Sur la forme, la plus haute juridiction portugaise considère que le texte manque de rigueur dans la définition des conditions pour bénéficier d'une euthanasie. Le temps de l'amender au Parlement, la légalisation devrait rapidement être soumise à un nouveau vote.

La particularité suisse

En Suisse, le nom comme la procédure sont différents. L'euthanasie active est interdite. Depuis 1942, le Code pénal préfère parler de "suicide assisté". Il s'agit d'une assistance, médicale ou non, au suicide, à condition que la personne qui assiste n'ait pas de "mobile égoïste", en d'autres termes qu'elle n'en tire aucun avantage personnel. 

Un médecin prescrit le produit avec une ordonnance. Deux associations existent pour accompagner le malade dans les démarches, que ce soit aller à la pharmacie ou tenir le dernier vers d'eau. Mais au moment fatidique, il n'y a que le malade qui puisse s'administrer le produit et jusqu'au dernier moment, il peut faire machine arrière et décider de ne pas se suicider.  
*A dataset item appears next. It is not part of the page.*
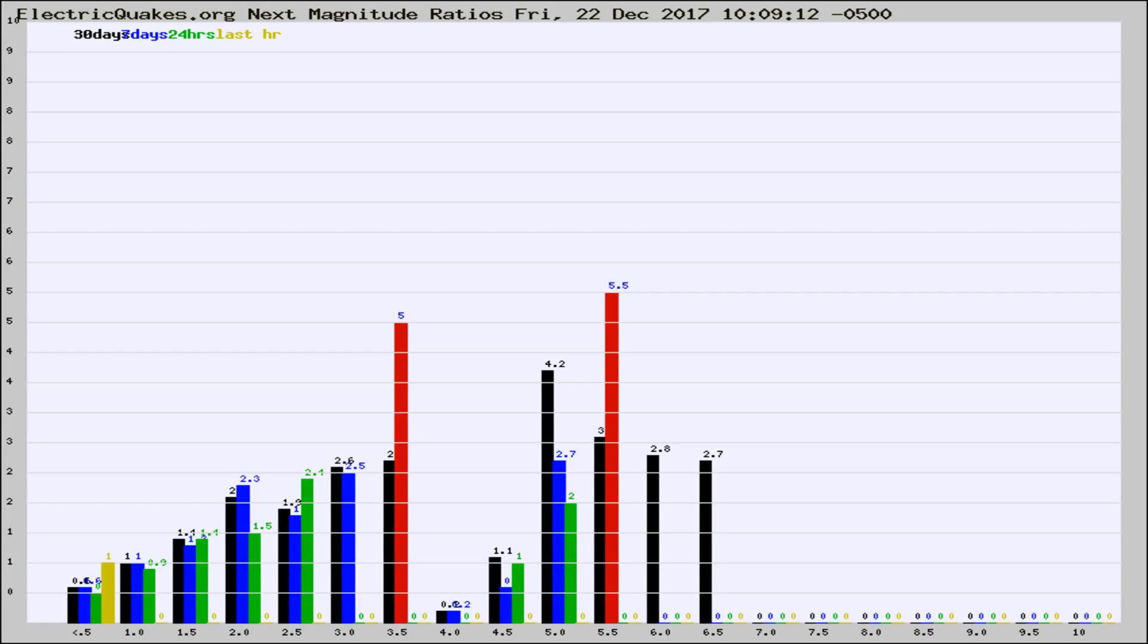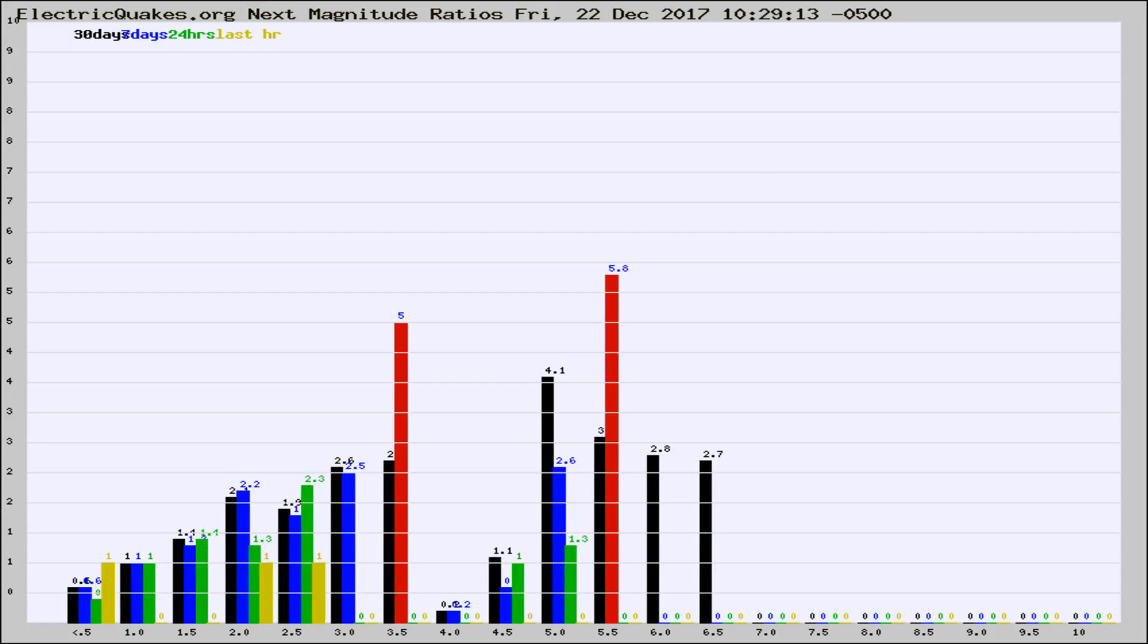Now you're seeing the next magnitude ratios, which is a graph of the ratio of, say, magnitude 2 to the number of magnitude 3s, which should stay consistent for any given area.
Ailleurs : l'arrêt des traitements ou l'interdiction

Dans le reste de l'Europe, de nombreux pays ont vu leur législation évoluer en faveur du soulagement des malades, sans pour autant franchir le pas de la légalisation de l'euthanasie. 

La France, comme l'Allemagne, la Hongrie, la Bulgarie, la Suède ou encore les trois pays baltes, autorisent ou tolèrent l'euthanasie dite "passive", soit l'interruption d'un dispositif médical de maintien en vie. Mais cela ne signifie pas que le parcours est sans encombre pour le malade et la famille, comme en France où la situation de Vincent Lambert a été l'objet de nombreux recours juridiques.

Plusieurs pays restent profondément attachés à l'interdiction de l'euthanasie. En Pologne, en Roumanie, en Grèce, en Croatie, en Italie et en Irlande, la pratique est interdite. Dans la plupart de ces pays, c'est assimilé à un homicide, passible d'une lourde peine de prison. Mais là aussi, pour certains où la tradition religieuse est pourtant très forte, des évolutions, très lentes, finissent par arriver. 

En 2019, en Italie, la cour constitutionnelle a considéré comme licite le suicide assisté, sous conditions très strictes, à savoir que le demandeur souffre d'une pathologie incurable, avec des douleurs insupportables, et qu'il prenne sa décision en état en totale capacité de prendre sa décision. En Irlande également, en octobre 2020, les parlementaires ont voté le projet de loi "Mourir avec dignité" ouvrant la voie à une dépénalisation du suicide assisté.